_Work task_
Below this line are records; transcribe exactly the lines between the one holding "Abstracte fractale bloem." and the one holding "Fiat argo 2025 1.0 firefly flex drive manual", inclusive, and omit the pictures.

[Records shown Boundary: Start]

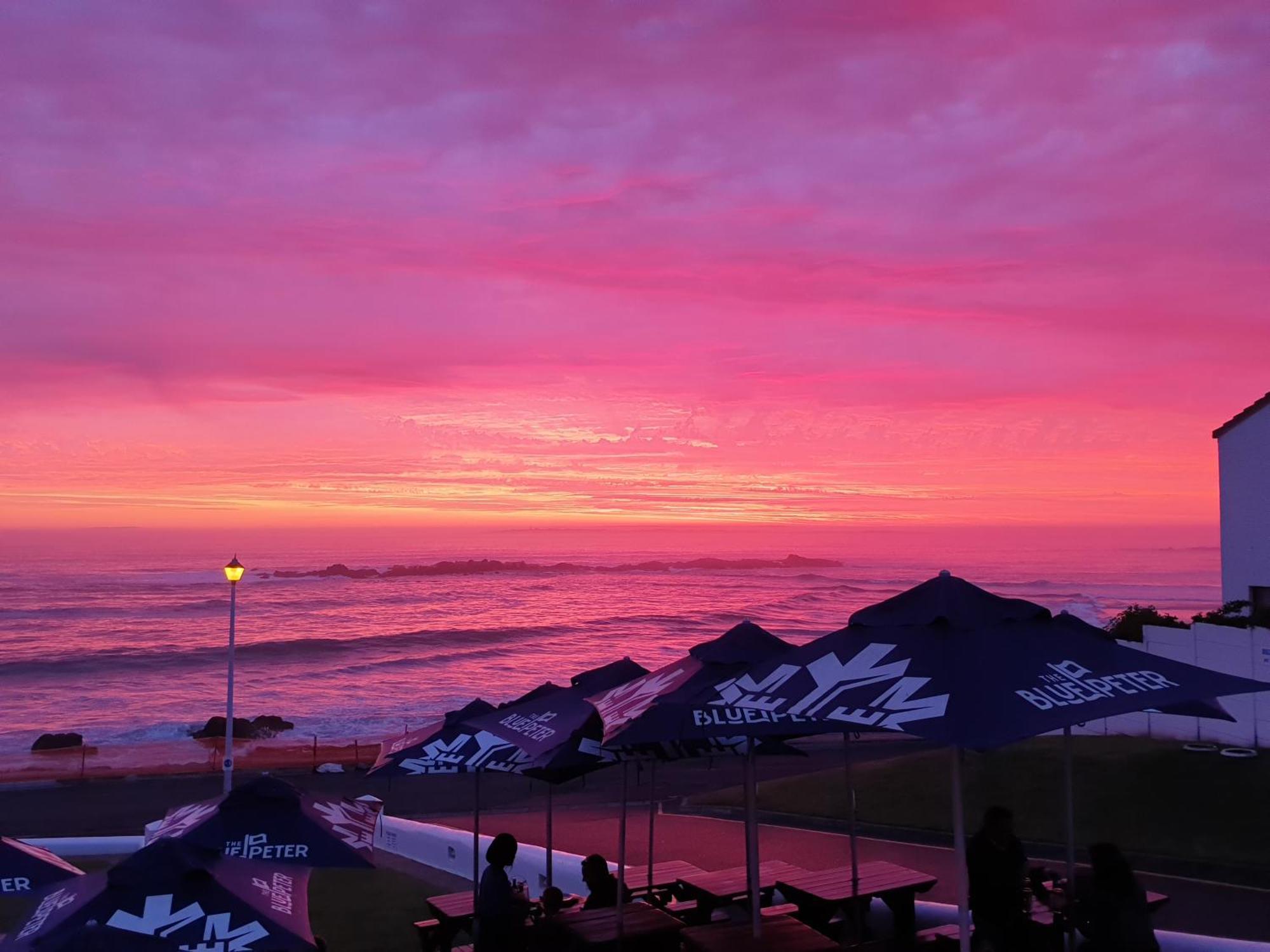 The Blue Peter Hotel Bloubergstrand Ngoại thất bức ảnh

[Records shown Boundary: End]
[Records shown Boundary: Start]

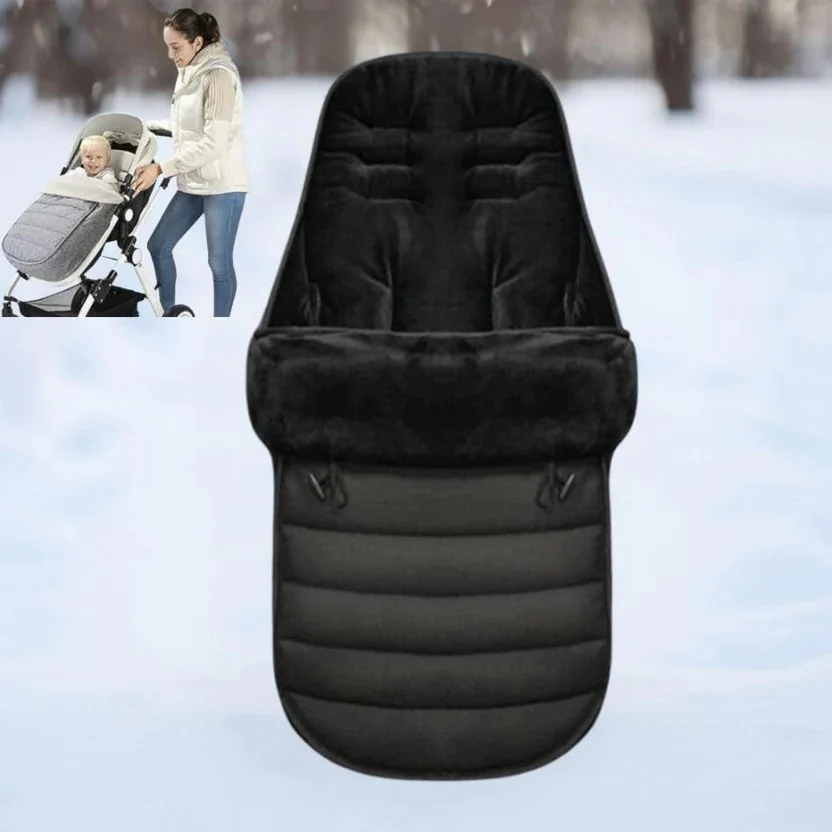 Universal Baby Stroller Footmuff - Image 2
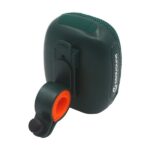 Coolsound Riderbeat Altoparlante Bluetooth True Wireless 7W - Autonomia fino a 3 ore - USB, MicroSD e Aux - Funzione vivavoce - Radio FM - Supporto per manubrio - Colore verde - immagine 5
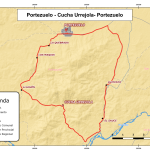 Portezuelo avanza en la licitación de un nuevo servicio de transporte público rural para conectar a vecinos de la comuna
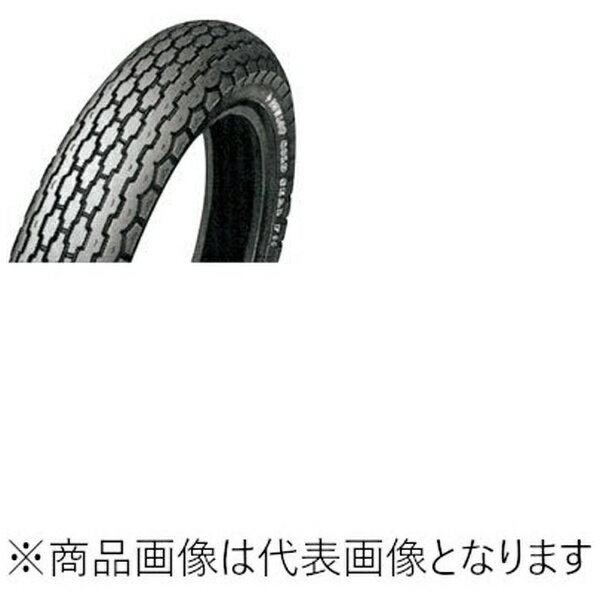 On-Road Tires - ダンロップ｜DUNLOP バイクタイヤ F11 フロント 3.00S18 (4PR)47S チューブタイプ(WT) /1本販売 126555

[Records shown Boundary: End]
[Records shown Boundary: Start]

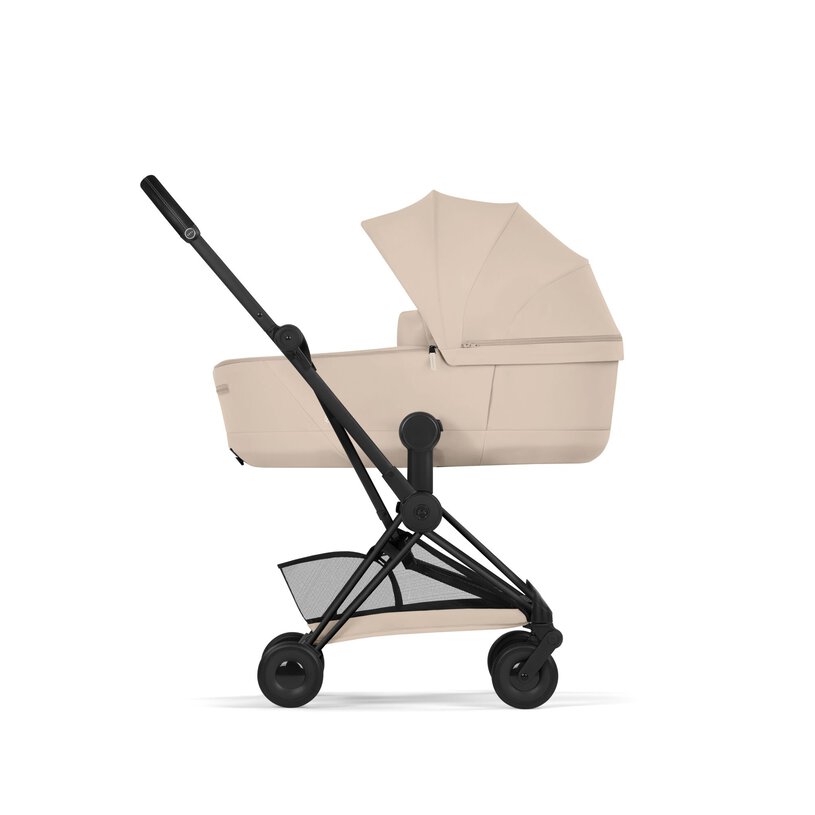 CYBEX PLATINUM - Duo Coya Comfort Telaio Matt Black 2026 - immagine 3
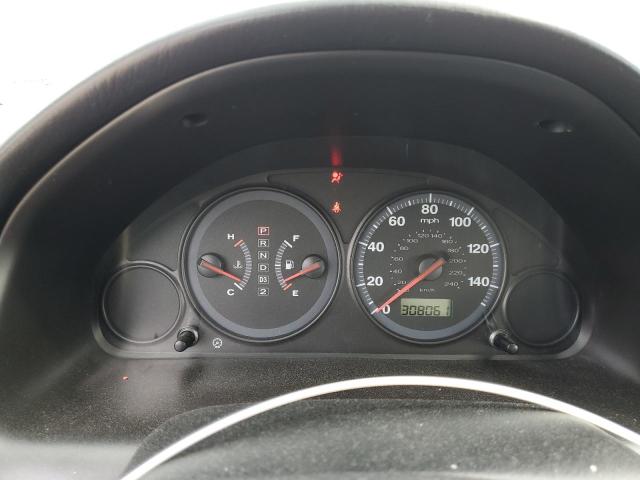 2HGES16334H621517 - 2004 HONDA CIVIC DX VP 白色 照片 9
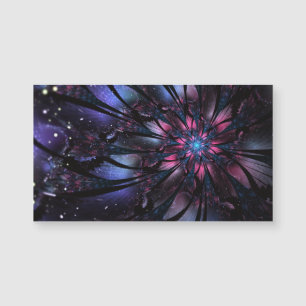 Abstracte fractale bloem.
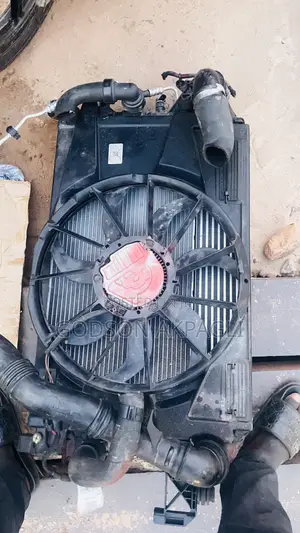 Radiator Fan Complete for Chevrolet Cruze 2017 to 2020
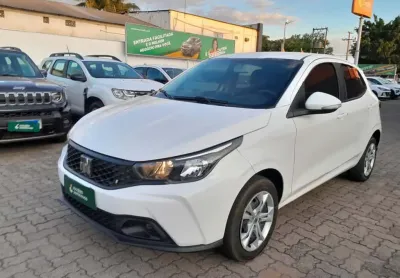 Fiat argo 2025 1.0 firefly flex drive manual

[Records shown Boundary: End]

_Exercise response_
 Abstracte fractale bloem.
 Radiator Fan Complete for Chevrolet Cruze 2017 to 2020
 Fiat argo 2025 1.0 firefly flex drive manual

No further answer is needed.